Part 4, Chapter 50 Summary: “Slit the Thew”

Marion is an attending surgeon now and buys a home in Queens. He is happy there, making it a home. He is the Head of Trauma at Our Lady of Perpetual Succor, loyal to the hospital even though he could have gone elsewhere. The hospital is now well-funded, and the work is challenging and interesting. He should be satisfied, but he is restless.

One night, Genet comes to his door, and he feels all his old anger. She will not make eye contact. He invites her inside and, after she coughs, makes her tea. She recently got out of prison, and Tsige refused to help her until she saw Marion. Genet apologizes; Marion unloads his anger on her, and she accepts it. Then he notices that she is truly unwell, so he cares for her, bathing and feeding her and putting her to bed. Later, after her fever breaks, he tells her to stay, and she asks him to sleep with her in the bed. They have sex, and he tells her it was his first time.

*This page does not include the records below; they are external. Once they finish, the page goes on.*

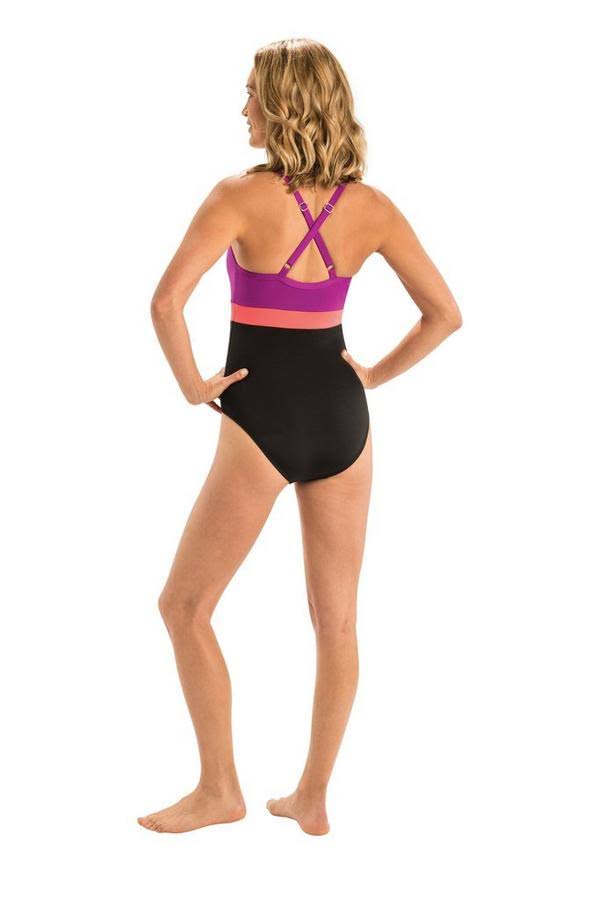 Black Purple Coral One Piece J376323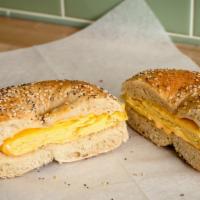 Egg & Cheese · Organic egg and cheese on a bagel.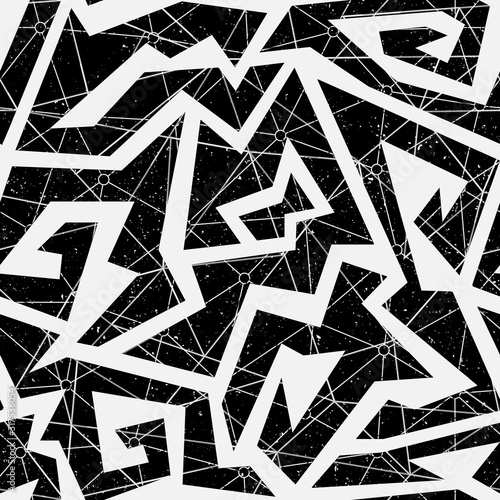 Abstract space pattern with grunge effect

The next day, he sees blood on the sheets, and she tells him that she bleeds with intercourse because of the genital mutilation. She is feverish again and coughing, and he asks her about it but she says she is fine. Genet tells Marion that she met and married an Eritrean man in New York, and when she found out he was cheating on her, she attacked the couple. When they escaped, Genet just waited at the apartment to be taken to prison. She tells Marion that she died when they took her child, and she has nothing that matters anymore. At last, Marion feels compassion for her.

Part 4, Chapter 51 Summary: “The Devil’s Choice”

After two days, Genet leaves without warning. Every night when he comes home, Marion hopes she will be there. His neighbor tells him to hire a private detective to find her and get closure. Marion finally agrees when he points out that Genet might be trying to reach him and is unable to. The investigator finds out that she did not return home or work and hasn’t been in contact with her probation officer. He also finds out that she has tuberculosis.

Marion gets a phone call in the middle of the night but cannot understand it. He is in bed for several days before he wakes to Deepak examining him. Marion tells him everything, and Deepak takes him to the hospital by ambulance. Marion is very ill, and one day, he realizes that Thomas Stone is at his bedside, looking concerned. Thomas contacts Hema, and she and Shiva immediately travel to New York. Three days later, they arrive at Marion’s bedside. Thomas tells them that Marion has hepatitis.

Shiva climbs into bed with Marion and touches his head to his. Deepak believes that Marion, upon finding out Genet had tuberculosis, started treating himself, which contributed to his liver damage. The biggest danger is the hepatitis, and they are not sure he will survive.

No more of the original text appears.